Friday, February 8, 2008

Caucusing for Barack Obama

The Democratic precinct caucuses here in Washington State begin in a little over twelve hours. If anybody has been reading this blog, you know I will be caucusing for Barack Obama.  As a head start:

  • Why American Veterans Are Voting For Barack Obama

    Barack Obama, the grandson of a World War II vet who fought in Patton's army, is passionate and committed to the issues that affect veterans and their families. Obama has pledged a "zero tolerance" policy to end veteran homelessness.

  • Barack Obama Has Important Legislative Experience

    Obama's campaign claims are not just rhetoric. Important legislative successes in both state and Congress demonstrate real ability "to deal with extremely complex issues, to reach across the aisle and to deal with diverse people."

  • Robert De Niro on Obama's 'Inexperience'

    “It's clear Barack Obama does not have the experience to let the special interests run the government. He wasn't experienced enough to authorize the invasion of Iraq. That's the kind of inexperience I can get used to."

  • Lawrence Lessig: Why I Support Barack Obama

    Comparing Obama and Clinton on character, integrity, and what each candidate would do: Barack Obama "represents the very best of who we are, the best of character, of integrity and ideals. And someone who opposed the war from the start."

  • Obama and Clinton: Not Trivial Differences

    Obama's approach to problems reflects a liberal libertarianism not shared by any other leading Democrat, certainly not Hillary Clinton. Clinton wants to help us even against our will (like mandating health insurance); Obama will help us help ourselves.

I went to see Barack Obama speak today. I am not usually excited about going to see candidates in person.
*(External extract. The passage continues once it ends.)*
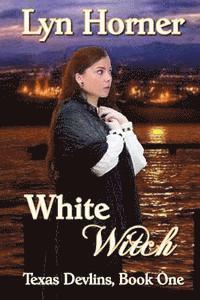bokomslag White Witch: Texas Devlins, Book One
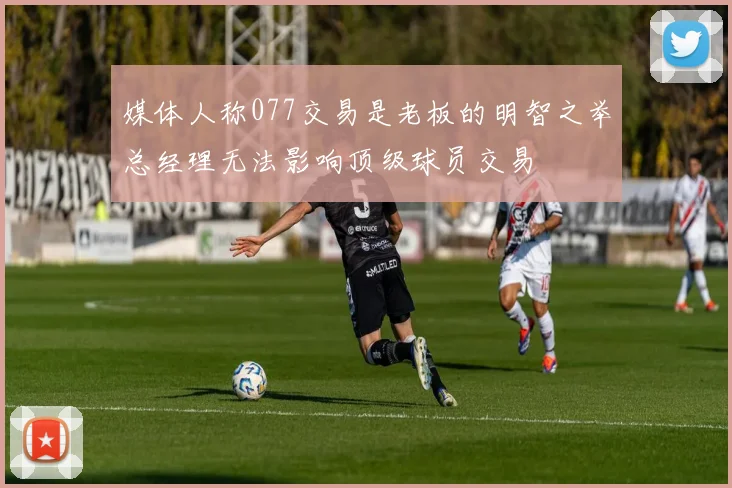媒体人称077交易是老板的明智之举总经理无法影响顶级球员交易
What more could I find out listening to someone speak in person than I could by research? I found myself excited about hearing Obama in person. I was ready for some uplift! And indeed, he is an inspiring speaker, charging up a huge crowd even after a two-hour wait. 

One of the most telling moments for me was not anything he said. It was the point where he broke his rhetorical drive to reach for a bottle of water. Instead of drinking, he tossed it to somebody in the audience. Then he paused, saying: "Sit down there. Back off, give her room. Let those people through."

A young woman in the crowd immediately in front of the stage had fainted. Obama not only noticed, he took the time to make sure she was alright before returning his attention to his own speech.

All candidates say they are really in it for our sake. Few get a chance to demonstrate that they are paying more attention to the well-being of the people in front of them than they are to their own ego.